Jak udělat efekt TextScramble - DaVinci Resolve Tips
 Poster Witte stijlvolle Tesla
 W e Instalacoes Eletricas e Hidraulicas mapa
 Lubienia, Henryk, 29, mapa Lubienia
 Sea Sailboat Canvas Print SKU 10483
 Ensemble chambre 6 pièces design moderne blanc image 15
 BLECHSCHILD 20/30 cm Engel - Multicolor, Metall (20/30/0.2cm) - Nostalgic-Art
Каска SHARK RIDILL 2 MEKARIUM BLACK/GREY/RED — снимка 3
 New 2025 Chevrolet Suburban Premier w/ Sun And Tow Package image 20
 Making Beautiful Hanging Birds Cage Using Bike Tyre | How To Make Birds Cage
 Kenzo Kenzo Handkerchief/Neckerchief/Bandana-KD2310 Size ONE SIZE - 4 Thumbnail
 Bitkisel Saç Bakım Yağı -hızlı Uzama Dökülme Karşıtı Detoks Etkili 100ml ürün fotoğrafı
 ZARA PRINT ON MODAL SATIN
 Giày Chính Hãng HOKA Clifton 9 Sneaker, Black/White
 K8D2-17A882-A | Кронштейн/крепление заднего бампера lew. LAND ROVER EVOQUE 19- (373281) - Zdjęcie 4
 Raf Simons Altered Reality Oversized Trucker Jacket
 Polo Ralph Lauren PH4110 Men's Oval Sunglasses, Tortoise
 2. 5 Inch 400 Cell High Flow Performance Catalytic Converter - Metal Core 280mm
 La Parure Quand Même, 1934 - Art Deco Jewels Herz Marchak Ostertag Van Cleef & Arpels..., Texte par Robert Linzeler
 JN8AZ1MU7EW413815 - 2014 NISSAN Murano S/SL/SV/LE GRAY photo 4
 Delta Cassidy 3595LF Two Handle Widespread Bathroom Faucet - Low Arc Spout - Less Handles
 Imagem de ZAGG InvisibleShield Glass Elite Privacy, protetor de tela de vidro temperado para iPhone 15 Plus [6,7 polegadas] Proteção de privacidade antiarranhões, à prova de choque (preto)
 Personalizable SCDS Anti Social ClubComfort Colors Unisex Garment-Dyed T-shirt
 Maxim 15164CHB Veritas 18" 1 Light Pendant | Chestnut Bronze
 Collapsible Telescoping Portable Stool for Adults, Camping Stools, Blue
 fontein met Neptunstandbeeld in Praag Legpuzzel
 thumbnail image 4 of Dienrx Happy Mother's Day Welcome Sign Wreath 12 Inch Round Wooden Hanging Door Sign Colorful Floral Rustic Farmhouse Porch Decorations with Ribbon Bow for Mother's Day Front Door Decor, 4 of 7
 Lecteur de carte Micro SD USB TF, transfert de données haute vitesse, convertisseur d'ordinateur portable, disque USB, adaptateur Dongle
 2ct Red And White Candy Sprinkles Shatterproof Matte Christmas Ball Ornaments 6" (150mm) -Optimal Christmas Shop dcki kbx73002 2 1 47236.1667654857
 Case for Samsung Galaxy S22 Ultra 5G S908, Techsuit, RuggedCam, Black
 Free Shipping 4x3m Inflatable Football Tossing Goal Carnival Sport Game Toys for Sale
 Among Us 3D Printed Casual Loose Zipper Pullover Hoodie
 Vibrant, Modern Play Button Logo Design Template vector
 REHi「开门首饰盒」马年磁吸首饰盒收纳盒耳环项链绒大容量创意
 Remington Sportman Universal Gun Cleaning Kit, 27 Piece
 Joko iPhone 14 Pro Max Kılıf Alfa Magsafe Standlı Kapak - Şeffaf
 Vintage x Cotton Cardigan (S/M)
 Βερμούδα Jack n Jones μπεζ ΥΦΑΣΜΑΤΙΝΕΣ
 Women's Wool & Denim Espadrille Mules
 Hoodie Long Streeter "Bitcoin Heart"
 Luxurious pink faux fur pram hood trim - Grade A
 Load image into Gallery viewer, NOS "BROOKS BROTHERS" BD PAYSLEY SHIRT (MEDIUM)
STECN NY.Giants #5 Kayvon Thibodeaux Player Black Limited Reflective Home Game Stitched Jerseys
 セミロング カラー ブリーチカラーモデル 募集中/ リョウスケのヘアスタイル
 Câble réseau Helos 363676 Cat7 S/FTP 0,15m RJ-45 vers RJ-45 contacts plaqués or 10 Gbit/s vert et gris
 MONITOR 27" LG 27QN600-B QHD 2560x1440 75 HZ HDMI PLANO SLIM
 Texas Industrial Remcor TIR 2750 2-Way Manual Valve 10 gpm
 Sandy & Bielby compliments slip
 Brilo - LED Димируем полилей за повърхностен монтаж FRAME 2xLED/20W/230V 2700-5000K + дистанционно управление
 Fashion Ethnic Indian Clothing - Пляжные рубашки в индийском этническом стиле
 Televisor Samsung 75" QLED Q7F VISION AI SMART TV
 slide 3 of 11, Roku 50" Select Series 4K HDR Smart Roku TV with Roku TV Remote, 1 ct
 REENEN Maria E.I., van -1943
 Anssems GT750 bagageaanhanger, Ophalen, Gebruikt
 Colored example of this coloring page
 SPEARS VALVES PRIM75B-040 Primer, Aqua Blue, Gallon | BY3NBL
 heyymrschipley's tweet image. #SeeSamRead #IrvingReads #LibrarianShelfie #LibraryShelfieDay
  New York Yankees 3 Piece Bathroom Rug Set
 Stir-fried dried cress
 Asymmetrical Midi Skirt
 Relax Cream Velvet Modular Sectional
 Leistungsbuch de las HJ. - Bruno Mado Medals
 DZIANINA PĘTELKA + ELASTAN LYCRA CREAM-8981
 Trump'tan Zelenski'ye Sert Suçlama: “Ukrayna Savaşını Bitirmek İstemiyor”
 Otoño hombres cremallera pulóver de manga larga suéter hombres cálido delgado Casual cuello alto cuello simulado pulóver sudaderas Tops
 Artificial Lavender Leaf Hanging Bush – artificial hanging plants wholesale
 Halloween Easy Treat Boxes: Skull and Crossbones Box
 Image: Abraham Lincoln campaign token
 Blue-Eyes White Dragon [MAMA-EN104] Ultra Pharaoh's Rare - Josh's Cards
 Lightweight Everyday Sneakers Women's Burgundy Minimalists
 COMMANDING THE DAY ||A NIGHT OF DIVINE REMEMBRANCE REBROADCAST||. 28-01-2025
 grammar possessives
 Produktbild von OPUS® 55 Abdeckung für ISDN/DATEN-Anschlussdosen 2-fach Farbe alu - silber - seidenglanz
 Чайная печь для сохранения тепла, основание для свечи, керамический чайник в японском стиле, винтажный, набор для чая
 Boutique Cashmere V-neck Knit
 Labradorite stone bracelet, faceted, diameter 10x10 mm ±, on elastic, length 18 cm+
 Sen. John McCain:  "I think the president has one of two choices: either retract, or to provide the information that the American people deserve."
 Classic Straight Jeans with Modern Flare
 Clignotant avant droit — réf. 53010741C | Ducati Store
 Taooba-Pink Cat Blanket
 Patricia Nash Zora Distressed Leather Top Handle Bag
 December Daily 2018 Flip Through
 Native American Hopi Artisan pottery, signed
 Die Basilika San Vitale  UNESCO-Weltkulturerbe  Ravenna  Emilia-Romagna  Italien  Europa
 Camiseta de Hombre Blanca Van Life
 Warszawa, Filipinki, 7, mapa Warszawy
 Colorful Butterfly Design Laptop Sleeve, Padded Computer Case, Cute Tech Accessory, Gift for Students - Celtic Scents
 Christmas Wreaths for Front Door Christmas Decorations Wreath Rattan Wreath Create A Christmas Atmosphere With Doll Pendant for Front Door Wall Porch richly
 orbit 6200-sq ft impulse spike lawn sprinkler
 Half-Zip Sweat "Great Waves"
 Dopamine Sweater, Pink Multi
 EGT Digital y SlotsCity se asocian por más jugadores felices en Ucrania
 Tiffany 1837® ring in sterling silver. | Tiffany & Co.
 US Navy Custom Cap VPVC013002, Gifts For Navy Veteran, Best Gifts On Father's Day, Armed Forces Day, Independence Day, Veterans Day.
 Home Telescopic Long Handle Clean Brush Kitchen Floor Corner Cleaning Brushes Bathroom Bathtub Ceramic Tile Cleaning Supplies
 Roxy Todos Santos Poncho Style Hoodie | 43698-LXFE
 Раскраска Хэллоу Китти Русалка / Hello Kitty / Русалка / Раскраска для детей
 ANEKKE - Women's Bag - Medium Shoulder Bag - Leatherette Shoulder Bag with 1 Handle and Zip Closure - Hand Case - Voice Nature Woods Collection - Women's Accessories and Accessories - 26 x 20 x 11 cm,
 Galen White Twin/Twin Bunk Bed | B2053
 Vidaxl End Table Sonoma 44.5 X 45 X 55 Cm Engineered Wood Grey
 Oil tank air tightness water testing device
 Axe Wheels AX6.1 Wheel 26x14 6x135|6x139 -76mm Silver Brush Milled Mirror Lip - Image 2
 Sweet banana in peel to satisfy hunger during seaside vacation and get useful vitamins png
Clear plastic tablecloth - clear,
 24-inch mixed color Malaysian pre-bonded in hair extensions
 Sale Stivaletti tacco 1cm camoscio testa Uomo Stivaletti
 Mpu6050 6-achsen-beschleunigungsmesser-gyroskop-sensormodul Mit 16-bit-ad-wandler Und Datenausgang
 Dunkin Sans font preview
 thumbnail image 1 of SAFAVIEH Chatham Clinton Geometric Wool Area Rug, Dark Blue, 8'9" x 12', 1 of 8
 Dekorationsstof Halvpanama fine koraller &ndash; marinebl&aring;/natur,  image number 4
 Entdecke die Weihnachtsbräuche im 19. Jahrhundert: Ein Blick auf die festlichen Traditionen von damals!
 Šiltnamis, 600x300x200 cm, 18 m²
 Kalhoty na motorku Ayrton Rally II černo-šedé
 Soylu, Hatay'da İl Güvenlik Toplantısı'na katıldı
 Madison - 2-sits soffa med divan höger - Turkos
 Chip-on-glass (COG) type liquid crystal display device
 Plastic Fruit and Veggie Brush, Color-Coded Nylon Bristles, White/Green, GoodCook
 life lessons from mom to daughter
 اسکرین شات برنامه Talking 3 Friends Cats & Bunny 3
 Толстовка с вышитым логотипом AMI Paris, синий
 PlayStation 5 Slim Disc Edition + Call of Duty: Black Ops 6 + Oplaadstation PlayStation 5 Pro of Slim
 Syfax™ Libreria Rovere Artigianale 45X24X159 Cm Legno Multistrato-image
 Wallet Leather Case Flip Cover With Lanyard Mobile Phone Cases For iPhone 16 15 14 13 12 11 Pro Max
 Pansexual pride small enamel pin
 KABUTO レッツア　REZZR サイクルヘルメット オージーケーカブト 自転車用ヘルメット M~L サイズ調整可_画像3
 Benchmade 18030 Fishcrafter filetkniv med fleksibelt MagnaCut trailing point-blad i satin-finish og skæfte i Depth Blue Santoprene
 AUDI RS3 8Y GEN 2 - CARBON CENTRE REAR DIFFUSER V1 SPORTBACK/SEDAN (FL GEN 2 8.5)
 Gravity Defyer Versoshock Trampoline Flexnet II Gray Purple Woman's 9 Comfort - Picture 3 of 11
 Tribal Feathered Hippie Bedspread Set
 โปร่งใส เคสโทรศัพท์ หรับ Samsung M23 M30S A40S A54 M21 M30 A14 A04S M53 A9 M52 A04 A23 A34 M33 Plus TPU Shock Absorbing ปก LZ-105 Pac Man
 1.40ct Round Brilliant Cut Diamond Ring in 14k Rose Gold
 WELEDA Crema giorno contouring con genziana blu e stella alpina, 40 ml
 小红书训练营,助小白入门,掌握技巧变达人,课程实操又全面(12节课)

━━━

Exercise details: For every line of the entries above that holds "Pendant", add one to a tally, and report only the final count.

Answer box: 2